ACTIVITY:
Look through the data below for the line with "Born In 1948?" and the line with "Install PostgreSQL in", then transcribe exactly from the first through the second, leaving out all pictures.

DATA PROVIDED:
■ ■ ■ ■

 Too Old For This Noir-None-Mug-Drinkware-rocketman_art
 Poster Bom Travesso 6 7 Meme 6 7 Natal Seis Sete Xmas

■ ■ ■ ■

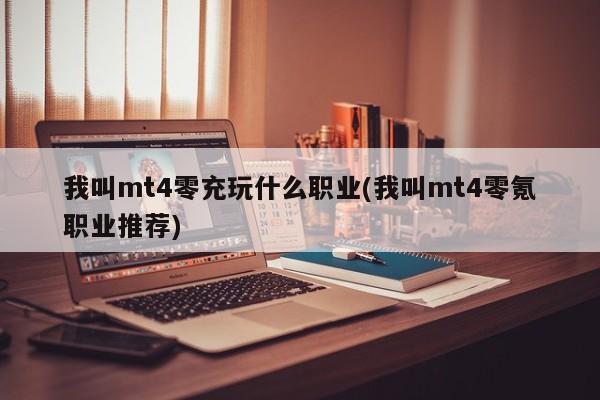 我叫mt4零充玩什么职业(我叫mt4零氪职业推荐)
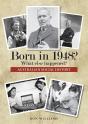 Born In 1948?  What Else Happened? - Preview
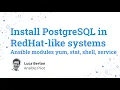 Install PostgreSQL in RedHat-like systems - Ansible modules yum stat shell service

■ ■ ■ ■

RESULT OF THE TASK:
 Born In 1948?  What Else Happened? - Preview
 Install PostgreSQL in RedHat-like systems - Ansible modules yum stat shell service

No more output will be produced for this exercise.